Il est de certains cadeaux comme de ceux qui les offrent : ils sont de vraies surprises que l'on n'attendait pas.
En ce qui concerne ce premier long métrage du japonais Kore-Eda, la surprise était totale. Un cadeau innattendu et un film que je ne connaissais pas et qui fut plus qu'une révélation.
Un film/un message qui tape au bon endroit au moment où il sait être utile est chose assez rare pour en saisisr la valeur.
Ceci étant précisé, il est bien évident que l'oeuvre ne parlera pas autant à d'autres ou qu'il ne m'aurait pas autant parlé à un autre moment...
Ignoré plusieurs années par les distributeurs français malgré ses récompenses et son prix au festival de Venise, il ne sort que 4 ans plus tard dans les salles.
Une jeune femme n'arrive pas à se défaire d'un deuil qui la hante, une tristesse invisible qui ne la quitte pas jusqu'à ce qu'elle rencontre un homme qui lui montre comment se libérer de ses fantômes et apprendre à vivre à nouveau. On la rencontre alors qu'elle vit simplement entourée de sa famille et de son futur époux. Elle est encore adolescente et vient de rencontrer son futur époux Ikuo quand sa grand mère meurt en lui laissant une culpabilité incurable.
Pourquoi ne l'a t-elle pas retenue quand elle l'a vue partir de leur nouveau domicile ?
Scène suivante, on retrouve Yumiko mariée avec un jeune fils.
Son monde s'écroule à nouveau quand un policier vient lui annoncer le drame.
Nouvelle éllipse de cinq années et la jeune femme est toujours hantée par la culpabilité et les morts. Kore Eda nous montre tout en délicatesse qu'un travail de deuil ne se fait pas seul, qu'il doit être accompagné et surtout que la culpabilité qui ronge les plus sensibles ne fait que les empêcher de vivre et d'avancer.
Comment l'amour d'un être qui vous comprend, vous soutient dans les moments difficiles, est là pour nous aider à vivre et à faire notre deuil, à vaincre la peur de se fabriquer de nouveaux souvenirs haureux, quand l'attention qu'il vous porte ne s'évapore pas à la moindre difficulté, on sent l'espoir renaître en soi.
Yumiko a donc refait sa vie. Sans pour autant être débarrassée de ses tourments.

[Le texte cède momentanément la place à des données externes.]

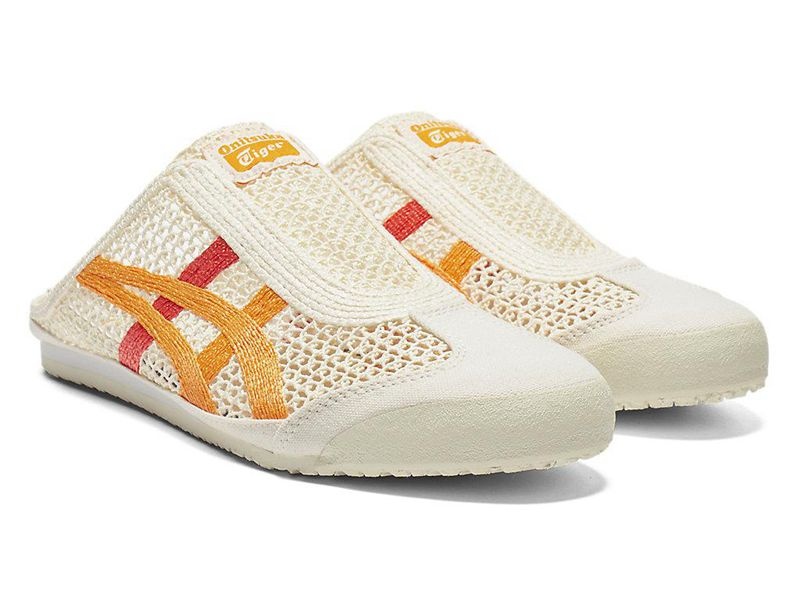 Women's Onitsuka Tiger Mexico 66 Sabot Sandals White | 7846-YGSVX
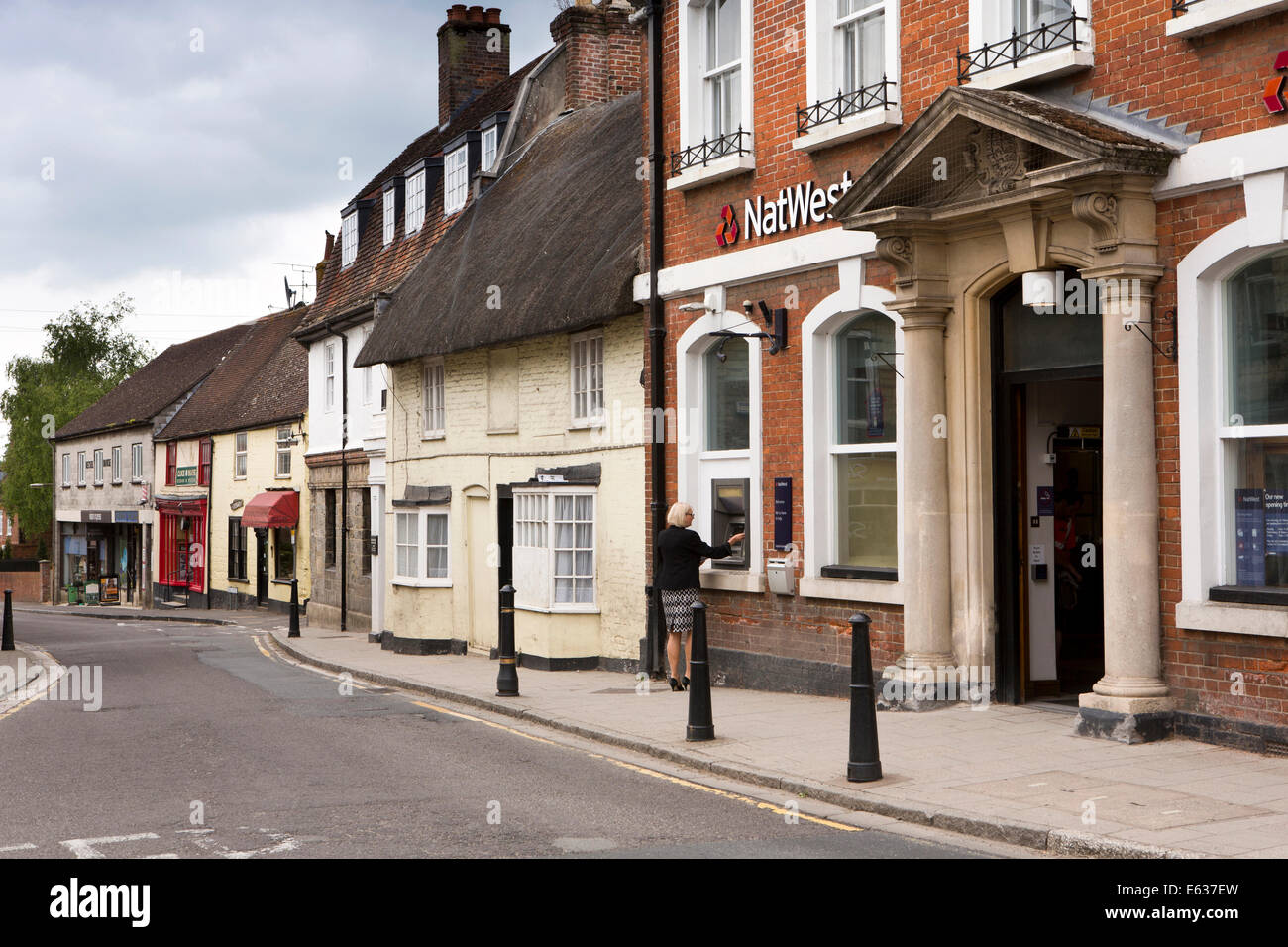 UK England, Dorset, Sturminster Newton, Bridge Street Stock Photo Alamy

Les images somptueuses sont autant de références aux maîtres du cinéma japonais que sont Mizoguchi, Ozu ou Naruse. Ne vous méprenez pas, le film se défend très bien seul et n'a nul besoin de mettre les maîtres en avant pour séduire, hypnotiser et convaincre. Construit à l'image de l'architecture japonaise : d'intérieure avec vue infinie vers l'extérieur, le film va vers la lumière, l'obscur cherche à s'éclaircir.
Ici, point d'intrigue alambiquée mais une force qui se dégage du langage des images comme si le réalisateur, pour son premier film voulait insister fortement sur la puissance volatile des mots. On fait dire ce qu'on veut à des mots, on leur donne la force du moment mais celle-ci s'oublie, reste éphémère alors que celle des images s'imprègne et se fixe.
Certains y accordent plus d'importance que d'autres, une valeur qui peut les faire souffrir quand d'autres les oublient. C'est comme dire qu'on l'aime à quelqu'un et lui montrer à quel point il compte. Il peut y avoir un fossé.
Le travail du cinéaste en herbe sur l'ombre et la lumière, sur la manière dont il filme les personnages est une prenuve s'il en fallait encore une 20 ans après qu'il fait partie des réalisateurs les plus imaginatifs, profonds et humanistes.